Boniface
(Pierre Michon)
Un jour de la fin de
l’été, Anno Domini
MCCCLVIII die
prima
septembris, un peu avant l’aube, Boniface Roero
gravit les premiers contreforts du Rocciamelone. C’est alors
le plus haut sommet du monde. Les moines de Novalèse, rendus
furieux par le fœhn qui tombe des cimes, avaient en vain
tenté d’y porter le Christ : le vent et la
grêle l’avaient honteusement repoussé.
Boniface grimpe sans hâte et sans trêve,
d’un seul souffle, et le soir il atteint le faîte.
Là, dans une niche improvisée de pierres
sèches, ses porteurs déploient un triptyque de
bronze. On y voit une Vierge aux traits maladroits, le sein nu, tenant
sur son bras un enfant qui lui pétrit le menton. Un centaure
est à sa droite, en caparaçon : Saint-Georges, la
lance enfoncée dans la gueule d’un dragon qui se
convulse. Un autre saint est à sa gauche, au milieu de
grands feuillages : Jean-Baptiste, patron des chevaliers de Malte, dont
on voit la croix dans un écu. Il présente
Boniface à la Vierge.
Depuis des siècles, les cimes étaient
abandonnées aux dieux païens, qui y avaient
subsisté au milieu des brouillards et des neiges. Le
fœhn portait parfois jusqu’au bas de la
vallée des rumeurs étouffées, des
feulements, des grognements rauques. Les truies des antonins, dans
l’abbaye de Ranverso, se dressaient alors dans leurs stalles,
le groin frémissant, et tournées vers la montagne
aspiraient goulument le vent qui traversait les claies. Mais loin des
hommes les dieux se perdent. Ceux-ci avaient
dégénéré, des formes
monstrueuses les avaient disgraciés, des goitres, des kystes
mammaires, des cals et des cornes, et leur
méchanceté s’était accrue en
proportion. On les voit sur la fresque des Vices et des Vertus de
Novalèse : longue queue écailleuse, membres
griffus, tête humaine aux formidables mâchoires.
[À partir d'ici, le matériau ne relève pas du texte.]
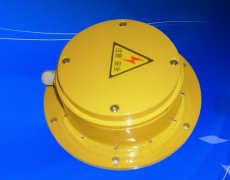 XLZL-B型縱向撕裂檢測器。撕裂開關撕裂檢測器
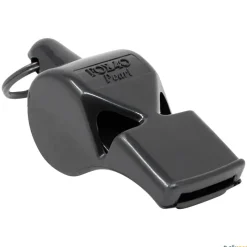 Fox 40 Pack 3 silbatos con estuche y moneda| Arbitraje Deportivo|Silbatos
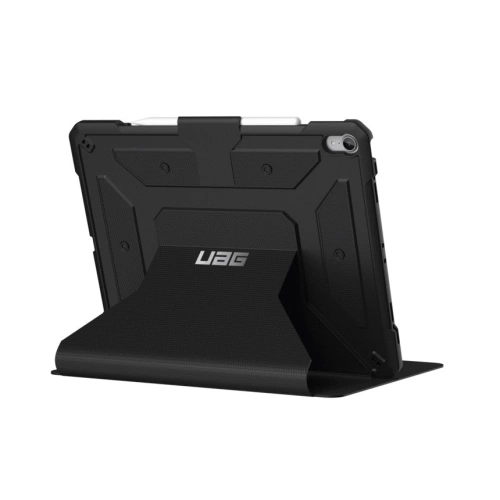 Kup Etui UAG Urban Armor Gear Metropolis Apple iPad Pro 12.9 2018 (3. generacji) (czarne) - UAG052BLK - {ean13} - Sklep Home Screen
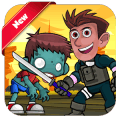 Wild Super Kratts Zombie Adventure最新安卓下载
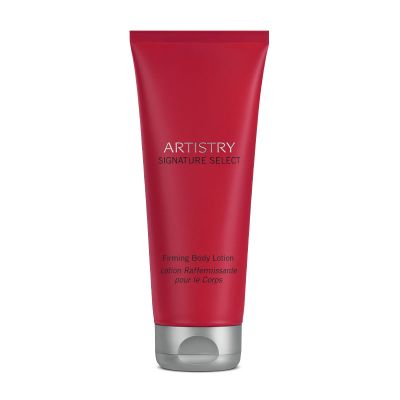 ARTISTRY SIGNATURE SELECT Антицеллюлитный лосьон с эффектом лифтинга, 190мл. Сняли с производства!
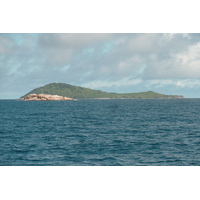 รูปถ่าย เซเชลส์(Seychelles) เกาะกร็องด์เซอร์(Grande Soeur) 2011-10 30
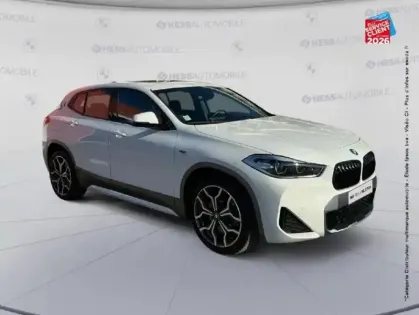 Photo 17 BMW X2 Gén. I (F39) Ph1 M Sport X 5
Ils ne se risquaient pas dans la vallée, mais certains
hivers, quand la neige dévalait des sommets et que gelaient
les sources, on avait relevé leurs traces à
Mompantero, à Boschi incantati, au-dessus des vignes et des
prairies. Ils persécutaient les ermites et les voyageurs
égarés, et les pâtres
renonçaient à poursuivre leurs bêtes
enfuies sur les pentes.
Boniface est un guerrier. Il a combattu les infidèles en
Orient et le Triomphateur l’y a retenu prisonnier.
Après deux ans, il s’est mis à genoux
pour prier la Mère de Dieu : il lui a promis une image
d’or incrustée de gemmes, si seulement elle veut
bien le délivrer. Il a juré de la porter sur son
dos jusqu’au sommet du Rocciamelone, d’en chasser
les démons et de l’y installer dans une chapelle.
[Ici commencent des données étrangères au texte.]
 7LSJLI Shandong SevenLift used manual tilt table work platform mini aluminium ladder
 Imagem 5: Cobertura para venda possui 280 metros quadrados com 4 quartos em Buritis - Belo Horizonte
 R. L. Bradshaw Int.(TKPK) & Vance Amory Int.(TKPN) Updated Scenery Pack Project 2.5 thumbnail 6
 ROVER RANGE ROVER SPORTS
Elle l’a entendu, ils ont topé là.
Revenu à Suse, il convoque le meilleur artisan de la Savoie
et lui passe commande d’une image dorée de sa
maîtresse. On affuble la belle d’une toge romaine,
l’artiste l’observe longuement, un sein menu
s’échappe de l’entrebâillement
du drap, et Boniface souffre de ce désir
mêlé de jalousie qui pique comme le poivre. Enfin,
les trois plaques de cuivre sont gravées et
réunies. Boniface quitte Suse au petit matin, en grand
appareil, l’image repliée juchée sur le
dos, comme il l’a juré, et lui juché
sur le dos d’un mulet. Deux sergents le
précèdent et trente hommes de main le suivent.
Ils montent par les sentiers de pâture, puis ce sont de
légers layons dans la forêt, puis plus rien : des
herbes rases, des marécages suspendus, des
éboulis de pierres. Boniface jure tout haut et se repent
tout bas. La montagne est sans carte, il faut aller au jugé
en visant une pointe qui sans cesse s’éloigne. Le
soir, enfin, il y est. Il devine en bas, dans
l’échancrure des brouillards, les petits champs
clos de la Val Cenischia, et au nord, au-delà des aiguilles
blanches, l’Allemagne enfouie dans les brumes.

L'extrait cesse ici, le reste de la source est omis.